Li durante este fim de semana “A Lebre
de Olhos de Âmbar” do ceramista britânico Edmund de Waal, provavelmente a obra
literária mais deslumbrante que me passou pelas mãos em 2012. Nela converge um “mix” bem-sucedido
de géneros: memória de família, literatura de viagem, ensaio (histórico, sociológico
e urbano, sobre a guerra e o judaísmo, sobre migrações e exílio, sobre
inter-culturalidades) e até (como alguém sugeriu) um intraduzível “thing-book”. Mas
é o próprio autor quem melhor a define: “Já não sei se este livro é sobre a
minha família, sobre a memória, sobre mim mesmo, ou se será ainda um livro
sobre pequenos objetos japoneses”.
Percorrendo as suas páginas, a subjetividade de cada um encontrará certamente os
elementos de atração, comoção mesmo, que lhe sejam mais marcantes. Pessoalmente, fui sendo
subjugado por uma improvável combinação de evocações que caraterizaria como de requinte e perda. Num
plano macro-social, não resisti ao século XX narrado por este descendente dos
Ephrussi (com passagens por Odessa, Paris, Viena, Kövecses,
Tunbridge Wells, Tóquio e Londres) nem aos seus múltiplos estímulos recordatórios (a escadaria potemkiniana, a Ringstrasse, uma capa da "Life" de 1964), nem, muito em especial, àquela “estranha correlação
entre Viena em 1919 e Tóquio em 1947”. Mas também me tocaram fundo, numa
dimensão mais intimista, aquelas confissões de Iggie ao sobrinho-neto (“Envelhecer no Japão é maravilhoso” ou “Tenho
saudades disso. Do que não cheguei a ter.”), aquela imagem desse “grande
financeiro discretamente escondido atrás da secretária, com um livro de poesia
escondido entre os livros de contabilidade, a ansiar pela liberdade do fim do
dia” ou aquela passagem central onde De Waal revela o modo como “essa velhota
que ainda vive por aí” (Anna, a antiga criada) criou a “herança escondida”.
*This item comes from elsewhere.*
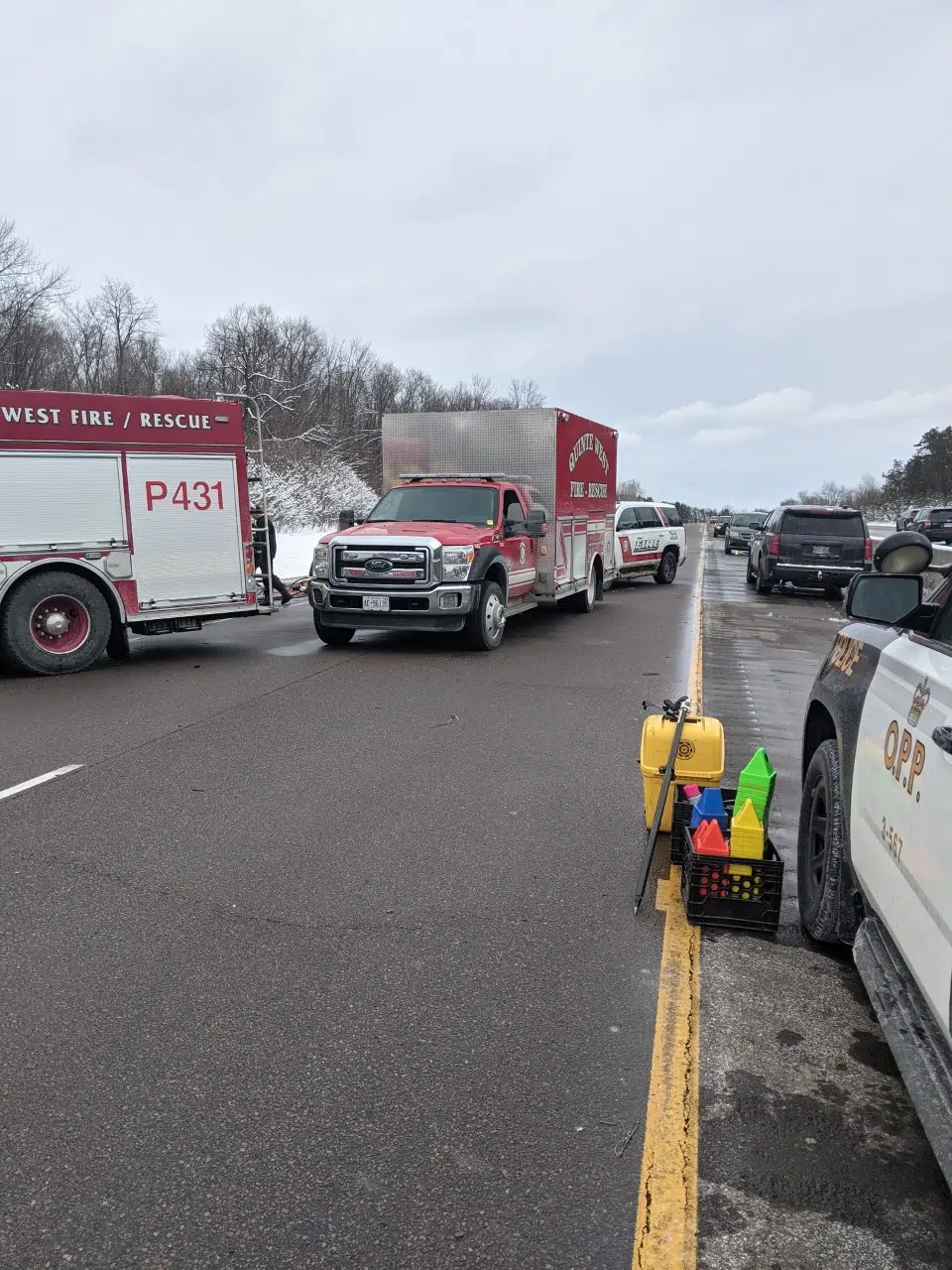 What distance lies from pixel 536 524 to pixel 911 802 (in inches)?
406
Tudo a partir de uma coleção de 264 pequenas
esculturas japonesas (“netsuke”) de madeira e marfim, nenhuma maior do que uma
caixa de fósforos! Sendo que, como refere De Waal, “os objetos sempre foram
levados e trazidos, vendidos, negociados, roubados, recuperados, perdidos” e que
“as pessoas sempre os ofereceram como presentes”, pelo que “o que importa é
como se conta a sua história” – esta é-o assombrosamente…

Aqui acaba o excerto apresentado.